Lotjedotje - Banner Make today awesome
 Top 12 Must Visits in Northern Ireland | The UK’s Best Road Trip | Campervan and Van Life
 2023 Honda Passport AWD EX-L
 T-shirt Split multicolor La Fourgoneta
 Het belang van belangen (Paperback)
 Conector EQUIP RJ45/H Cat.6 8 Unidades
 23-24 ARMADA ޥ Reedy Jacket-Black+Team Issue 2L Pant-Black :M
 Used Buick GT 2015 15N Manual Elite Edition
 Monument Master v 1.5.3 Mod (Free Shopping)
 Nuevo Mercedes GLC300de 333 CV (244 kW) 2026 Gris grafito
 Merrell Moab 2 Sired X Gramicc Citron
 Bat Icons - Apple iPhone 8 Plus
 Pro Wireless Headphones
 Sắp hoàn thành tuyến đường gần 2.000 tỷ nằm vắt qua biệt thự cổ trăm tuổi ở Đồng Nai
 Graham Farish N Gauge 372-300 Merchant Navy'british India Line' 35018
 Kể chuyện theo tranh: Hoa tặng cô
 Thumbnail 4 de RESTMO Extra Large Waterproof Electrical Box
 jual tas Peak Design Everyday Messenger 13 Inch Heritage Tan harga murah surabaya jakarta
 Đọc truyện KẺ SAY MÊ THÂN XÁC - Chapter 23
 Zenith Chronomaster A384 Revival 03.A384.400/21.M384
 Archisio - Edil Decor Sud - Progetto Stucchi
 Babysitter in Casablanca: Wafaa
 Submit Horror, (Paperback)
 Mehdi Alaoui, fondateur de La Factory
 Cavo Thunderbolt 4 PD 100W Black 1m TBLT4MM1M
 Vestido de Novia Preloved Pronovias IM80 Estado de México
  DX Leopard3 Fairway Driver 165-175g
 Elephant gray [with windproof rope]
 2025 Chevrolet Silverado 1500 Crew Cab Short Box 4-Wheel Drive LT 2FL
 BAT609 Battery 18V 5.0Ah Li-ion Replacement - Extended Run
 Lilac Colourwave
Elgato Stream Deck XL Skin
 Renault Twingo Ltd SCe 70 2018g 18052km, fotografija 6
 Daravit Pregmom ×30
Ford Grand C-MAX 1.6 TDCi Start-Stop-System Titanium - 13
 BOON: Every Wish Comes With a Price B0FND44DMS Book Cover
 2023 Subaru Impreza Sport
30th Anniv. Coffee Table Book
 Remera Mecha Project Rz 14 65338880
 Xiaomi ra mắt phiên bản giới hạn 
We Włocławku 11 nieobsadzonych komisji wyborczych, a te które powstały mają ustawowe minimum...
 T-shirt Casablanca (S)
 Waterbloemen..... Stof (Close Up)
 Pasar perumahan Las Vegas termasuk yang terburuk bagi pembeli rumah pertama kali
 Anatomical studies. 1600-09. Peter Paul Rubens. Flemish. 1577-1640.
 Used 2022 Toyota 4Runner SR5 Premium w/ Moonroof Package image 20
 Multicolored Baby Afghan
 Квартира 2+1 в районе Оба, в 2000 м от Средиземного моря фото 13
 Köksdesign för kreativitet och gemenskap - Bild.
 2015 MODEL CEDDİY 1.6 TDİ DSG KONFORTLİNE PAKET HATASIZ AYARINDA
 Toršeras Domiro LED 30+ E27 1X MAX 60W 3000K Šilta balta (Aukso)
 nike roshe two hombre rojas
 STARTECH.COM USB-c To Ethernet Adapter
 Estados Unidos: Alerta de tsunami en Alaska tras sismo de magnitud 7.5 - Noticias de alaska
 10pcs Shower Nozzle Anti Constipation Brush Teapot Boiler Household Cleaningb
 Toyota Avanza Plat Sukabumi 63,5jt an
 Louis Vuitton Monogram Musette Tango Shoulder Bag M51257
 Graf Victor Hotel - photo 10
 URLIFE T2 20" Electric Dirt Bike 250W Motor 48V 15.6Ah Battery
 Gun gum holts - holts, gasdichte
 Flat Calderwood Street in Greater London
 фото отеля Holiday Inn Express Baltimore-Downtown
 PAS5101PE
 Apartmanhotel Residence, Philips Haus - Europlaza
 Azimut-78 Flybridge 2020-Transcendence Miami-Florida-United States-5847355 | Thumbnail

> _Assignment_
Write out the listing's lines exactly, from its first line through the line that contains "Pasar perumahan Las", and stop there.

> _Output below_
Lotjedotje - Banner Make today awesome
 Top 12 Must Visits in Northern Ireland | The UK’s Best Road Trip | Campervan and Van Life
 2023 Honda Passport AWD EX-L
 T-shirt Split multicolor La Fourgoneta
 Het belang van belangen (Paperback)
 Conector EQUIP RJ45/H Cat.6 8 Unidades
 23-24 ARMADA ޥ Reedy Jacket-Black+Team Issue 2L Pant-Black :M
 Used Buick GT 2015 15N Manual Elite Edition
 Monument Master v 1.5.3 Mod (Free Shopping)
 Nuevo Mercedes GLC300de 333 CV (244 kW) 2026 Gris grafito
 Merrell Moab 2 Sired X Gramicc Citron
 Bat Icons - Apple iPhone 8 Plus
 Pro Wireless Headphones
 Sắp hoàn thành tuyến đường gần 2.000 tỷ nằm vắt qua biệt thự cổ trăm tuổi ở Đồng Nai
 Graham Farish N Gauge 372-300 Merchant Navy'british India Line' 35018
 Kể chuyện theo tranh: Hoa tặng cô
 Thumbnail 4 de RESTMO Extra Large Waterproof Electrical Box
 jual tas Peak Design Everyday Messenger 13 Inch Heritage Tan harga murah surabaya jakarta
 Đọc truyện KẺ SAY MÊ THÂN XÁC - Chapter 23
 Zenith Chronomaster A384 Revival 03.A384.400/21.M384
 Archisio - Edil Decor Sud - Progetto Stucchi
 Babysitter in Casablanca: Wafaa
 Submit Horror, (Paperback)
 Mehdi Alaoui, fondateur de La Factory
 Cavo Thunderbolt 4 PD 100W Black 1m TBLT4MM1M
 Vestido de Novia Preloved Pronovias IM80 Estado de México
  DX Leopard3 Fairway Driver 165-175g
 Elephant gray [with windproof rope]
 2025 Chevrolet Silverado 1500 Crew Cab Short Box 4-Wheel Drive LT 2FL
 BAT609 Battery 18V 5.0Ah Li-ion Replacement - Extended Run
 Lilac Colourwave
Elgato Stream Deck XL Skin
 Renault Twingo Ltd SCe 70 2018g 18052km, fotografija 6
 Daravit Pregmom ×30
Ford Grand C-MAX 1.6 TDCi Start-Stop-System Titanium - 13
 BOON: Every Wish Comes With a Price B0FND44DMS Book Cover
 2023 Subaru Impreza Sport
30th Anniv. Coffee Table Book
 Remera Mecha Project Rz 14 65338880
 Xiaomi ra mắt phiên bản giới hạn 
We Włocławku 11 nieobsadzonych komisji wyborczych, a te które powstały mają ustawowe minimum...
 T-shirt Casablanca (S)
 Waterbloemen..... Stof (Close Up)
 Pasar perumahan Las Vegas termasuk yang terburuk bagi pembeli rumah pertama kali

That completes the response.